The UT-A1 urea transporter mediates rapid transepithelial urea transport across the inner medullary collecting duct and plays a major role in the urinary concentrating mechanism. To transport urea, UT-A1 must be present in the plasma membrane. The purpose of this study was to screen for UT-A1-interacting proteins and to study the interactions of one of the identified potential binding partners with UT-A1. Using a yeast two-hybrid screen of a human kidney cDNA library with the UT-A1 intracellular loop (residues 409–594) as bait, we identified snapin, a ubiquitously expressed SNARE-associated protein, as a novel UT-A1 binding partner. Deletion analysis indicated that the C-terminal coiled-coil domain (H2) of snapin is required for UT-A1 interaction. Snapin binds to the intracellular loop of UT-A1 but not to the N- or C-terminal fragments. Glutathione S-transferase pulldown experiments and co-immunoprecipitation studies verified that snapin interacts with native UT-A1, SNAP23, and syntaxin-4 (t-SNARE partners), indicating that UT-A1 participates with the SNARE machinery in rat kidney inner medulla. Confocal microscopic analysis of immunofluorescent UT-A1 and snapin showed co-localization in both the cytoplasm and in the plasma membrane.

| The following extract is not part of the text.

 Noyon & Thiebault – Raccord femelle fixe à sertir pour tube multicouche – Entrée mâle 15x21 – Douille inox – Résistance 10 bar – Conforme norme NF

When we co-injected UT-A1 with snapin cRNA in Xenopus oocytes, urea influx was significantly increased. In the absence of snapin, the influx was decreased when UT-A1 was combined with t-SNARE components syntaxin-4 and SNAP23. We conclude that UT-A1 may be linked to the SNARE machinery via snapin and that this interaction may be functionally and physiologically important for urea transport.

Internalization of UT-A1 urea transporter is dynamin dependent and mediated by both caveolae- and clathrin-coated pit pathways

Dynamin is a large GTPase involved in several distinct modes of cell endocytosis. In this study, we examined the possible role of dynamin in UT-A1 internalization. The direct relationship of UT-A1 and dynamin was identified by coimmunoprecipitation. UT-A1 has cytosolic NH(2) and COOH termini and a large intracellular loop. Dynamin specifically binds to the intracellular loop of UT-A1, but not the NH(2) and COOH termini. In cell surface biotinylation experiments, coexpression of dynamin and UT-A1 in HEK293 cells resulted in a decrease of UT-A1 cell surface expression. Conversely, cells expressing dynamin mutant K44A, which is deficient in GTP binding, showed an increased accumulation of UT-A1 protein on the cell surface. Cell plasma membrane lipid raft fractionation experiments revealed that blocking endocytosis with dynamin K44A causes UT-A1 protein accumulation in both the lipid raft and nonlipid raft pools, suggesting that both caveolae- and clathrin-mediated mechanisms may be involved in the internalization of UT-A1. This was further supported by 1) small interfering RNA to knock down either caveolin-1 or μ2 reduced UT-A1 internalization in HEK293 cells and 2) inhibition of either the caveolae pathway by methyl-β-cyclodextrin or the clathrin pathway by concanavalin A caused UT-A1 cell membrane accumulation. Functionally, overexpression of dynamin, caveolin, or μ2 decreased UT-A1 urea transport activity and decreased UT-A1 cell surface expression. We conclude that UT-A1 endocytosis is dynamin-dependent and mediated by both caveolae- and clathrin-coated pit pathways.